L’analisi seminale, quindi, esprime quanto il campione esaminato si discosta dai parametri di normalità informando altresì il medico curante sulle patologie eventualmente presenti.

Anche la condizione di azoospermia (assenza di spermatozoi nell’eiaculato) non è più una diagnosi di sterilità.

Allo stato delle attuali conoscenze scientifiche un individuo può essere definito sterile solo quando sia dimostrato che non è possibile ottenere, dall’eiaculato o attraverso interventi di esplorazione chirurgica dei testicoli ed epididimi, gameti (spermatozoi) utilizzabili con le moderne tecniche di fecondazione extracorporea (fecondazione in vitro).

Un solo spermiogramma è in ogni caso insufficiente a definire la situazione del paziente; ne occorrono almeno due eseguiti con un intervallo compreso tra le due e le quattro settimane.

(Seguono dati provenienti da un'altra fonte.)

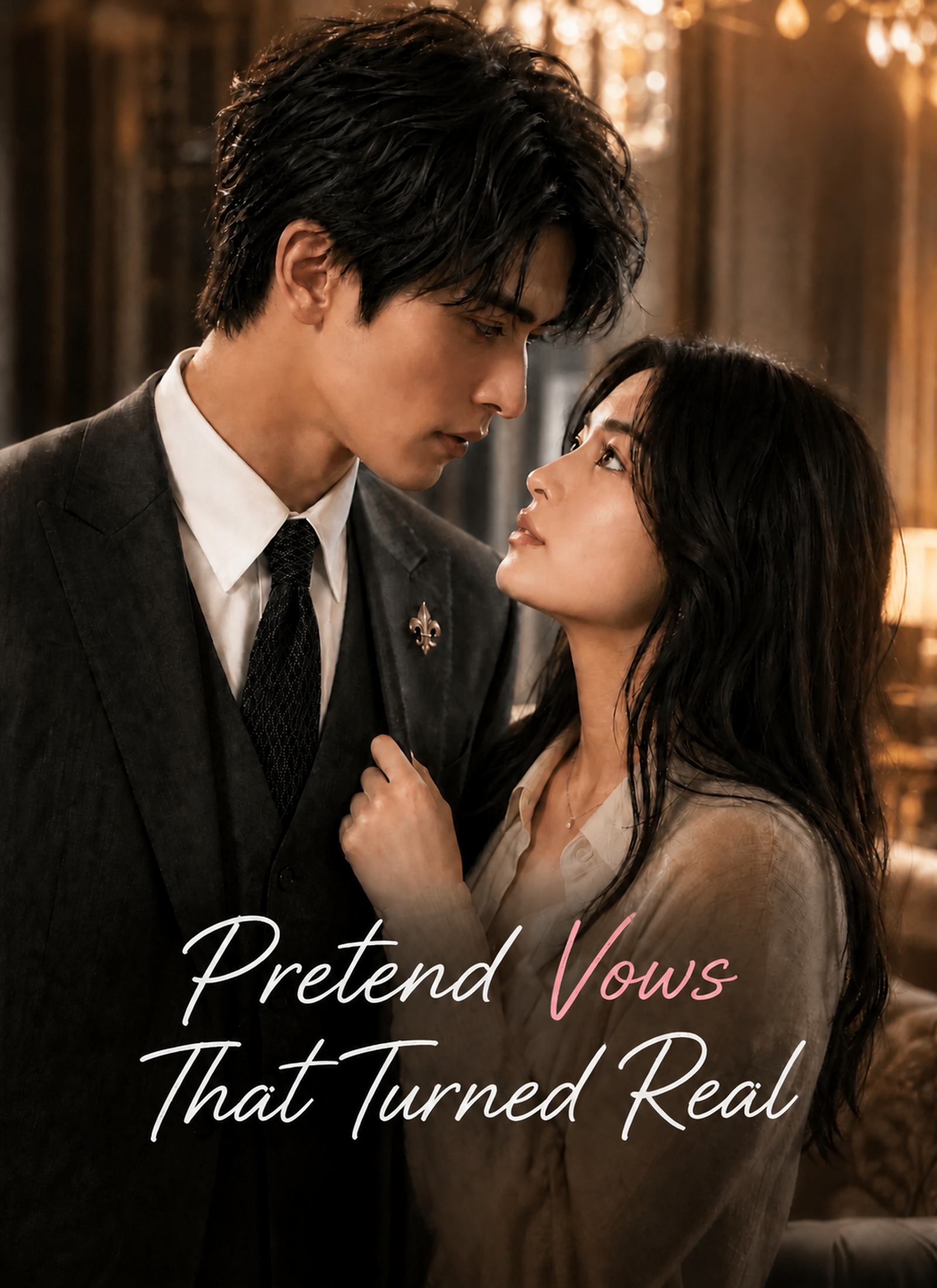 Pretend Vows That Turned Real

La spermatogenesi (cioè il processo di produzione degli spermatozoi), rappresenta, infatti, una specie di indicatore della salute dell’individuo riferita ai tre mesi precedenti l’esame, tempo necessario perché si concluda il ciclo di maturazione degli spermatozoi.

Il motivo di questa indicazione risiede nel fatto che la produzione di spermatozoi spesso è assai variabile anche nel soggetto sano.

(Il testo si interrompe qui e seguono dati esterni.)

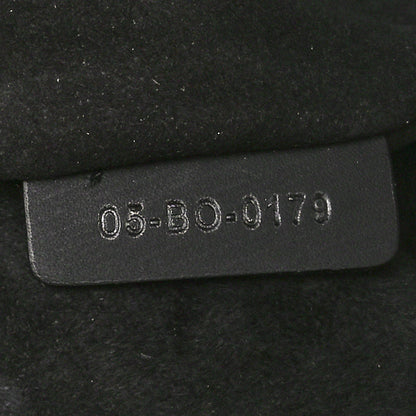 Christian Dior Ultra Matte Calfskin Cannage Medium Lady Dior Black 7 of 9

In base ai parametri definiti dall’Organizzazione Mondiale della Sanità (ultimo aggiornamento del 1999), uno spermiogramma deve comprendere la valutazione di un numero di parametri al di sotto dei quali non è consigliato scendere per non incorrere in una valutazione diagnostica errata o comunque troppo parziale.

Di seguito se commentano alcuni.

Fluidificazione e viscosità: l’alterazione di questi parametri è legata prevalentemente a fenomeni infiammatori del tratto genito-urinario.

Aspetto, volume, pH: il liquido seminale normale ha un aspetto grigio opalescente omogeneo. Il volume viene considerato normale se maggiore o uguale a 2 ml. Volumi inferiori a 0,5 ml (ipoposia) fanno pensare ad alterazioni del meccanismo dell’eiaculazione.
Il pH, valore che indica il tasso di acidità del liquido seminale, dovrà essere compreso tra 6,4 e 8,0. Un valore > 8,0 può essere indicativo di patologie flogistiche, mentre un valore inferiore a 6,0 potrebbe indurre al sospetto di patologie ostruttive o ad una agenesia dei deferenti.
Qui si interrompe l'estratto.